Yes and a large part of that energy comes from the chemical energy of the kerogen itself
that is released as heat. Of course that means that the chemical energy in a pound of
kerogen is greater than the chemical energy in the crude oil that the pound of kerogen
produced, and a pound of crude oil has more chemical energy than the refined gasoline
that came from that pound of crude oil, but given that the law of conservation of
energy is what it is a educated person, a smart person, and a honest person wouldn't
expect anything else.
> EROI is ONLY measuring the ratio of the *measurable energy* inputs
required to
produce the energy yield
Like the *measurable* amount of solar energy falling on a solar cell.

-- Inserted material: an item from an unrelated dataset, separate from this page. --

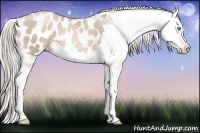 Horse Color:Chocolate Palomino Pearl Splash Appaloosa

>to the *energy value* contained in the resultant yielded product.
If that is the correct way to calculate EROI, and assuming you think the first law of
thermodynamics is valid please explain how the EROI of ANYTHING is EVER greater than 1.
Perhaps I shouldn't have made that assumption, do you believe the law of conservation of
energy is wrong, Wikipedia says it's correct but you say they don't know anything.
The difference is that if you treat kerogen as a primary energy source it takes energy to
get it, unlike sunlight. So if it takes two units of kerogen to produce enough energy to
get one unit of kerogen you can't sustain extraction of kerogen. You can keep extracting
it using some other source of oil or nuclear power or photovoltaics, but you can't do it
just using kerogen. So my understanding of EROI is
EROI = (Usable energy out)/(Total energy used to produce it)
It doesn't matter to the EROI where the denominator comes from, but it matters in the
sustainability of the source as primary energy. One may well choose to expend more energy
than you get out because the form of energy out makes it more suitable - that's why we
extract avgas from crude, but you can't do that as a primary energy source.